*This is part 2 in a series on running the [Clean][] compiler in
[WebAssembly][], with the proof of concept in the [Clean Sandbox][]. In this
part I discuss the compilation pipeline and the program used to rebuild
generated files. See the [introduction][] for a high-level overview.*

[[toc]]

# The compilation pipeline

Basically, this is what we do when we compile a Clean program:

1. For each Clean file, generate intermediate ABC code.
2. For each ABC file, generate machine code.
3. Link the machine code together with the system linker into an executable.

When we compile for interpretation, this looks a little different:

1. For each Clean file, generate intermediate ABC code.
2. For each ABC file, generate ABC bytecode.

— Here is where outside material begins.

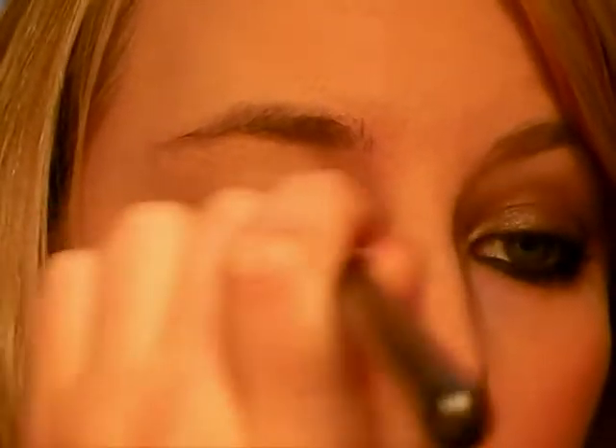Next thing we're going to do — and this is quite an easy look actually — is Satin Taupe, this colour here, which is a really nice brown colour. What you want to do is put it all on your lid to the crease and just go ever so slightly above your crease. You don't want to go too far over the crease; you literally just want to work it into the crease and make sure you have a nice amount all over your lid.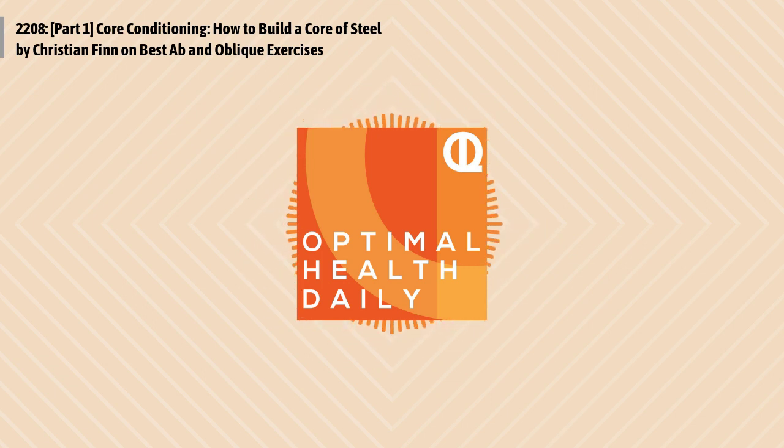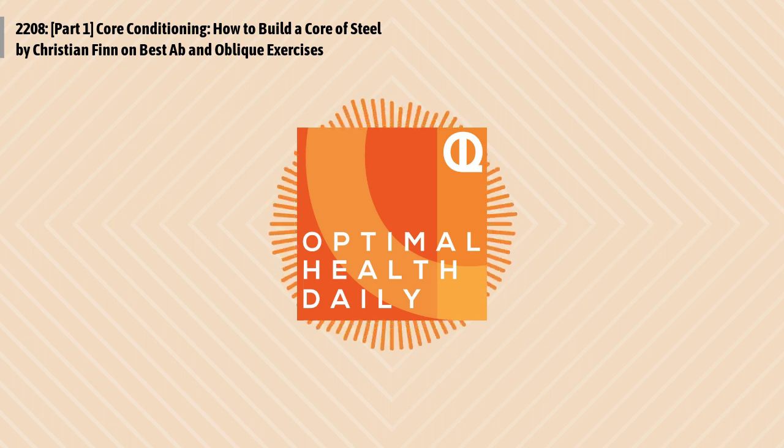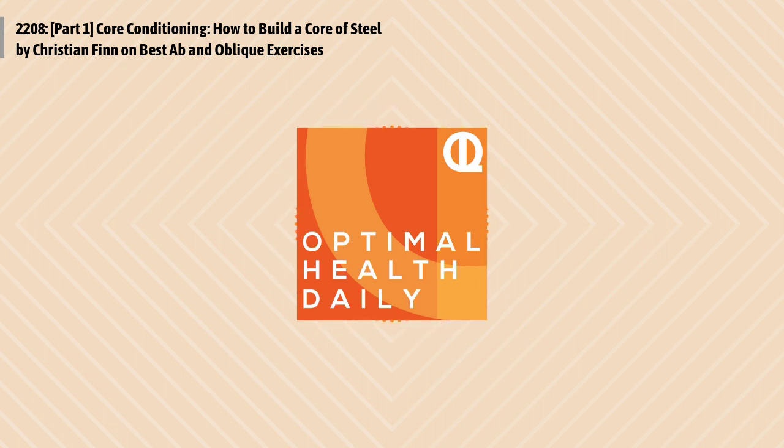This is Optimal Health Daily, episode 2208. Core Conditioning: How to Build a Core of Steel, part one, by Christian Finn of MuscleEvo.net. And I'm Dr. Neil Malek, your host and narrator. Thanks so much for joining me once again, where I read to you every day of the week covering all things health. Today will be the start of one of our longer posts, which means I'll split the reading up between today and tomorrow's episodes. So with that, let's get to part one as we optimize your life.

   Normal ABC code is human-readable. ABC bytecode is easier to parse.
   Furthermore, the ABC bytecode defines some custom instructions to speed up
   interpretation, like frequent instruction combinations (e.g. a `pop`
   followed by a `return`).
3. Link the ABC bytecode together with the ABC linker.
4. Prelink the ABC bytecode for use in the WebAssembly interpreter.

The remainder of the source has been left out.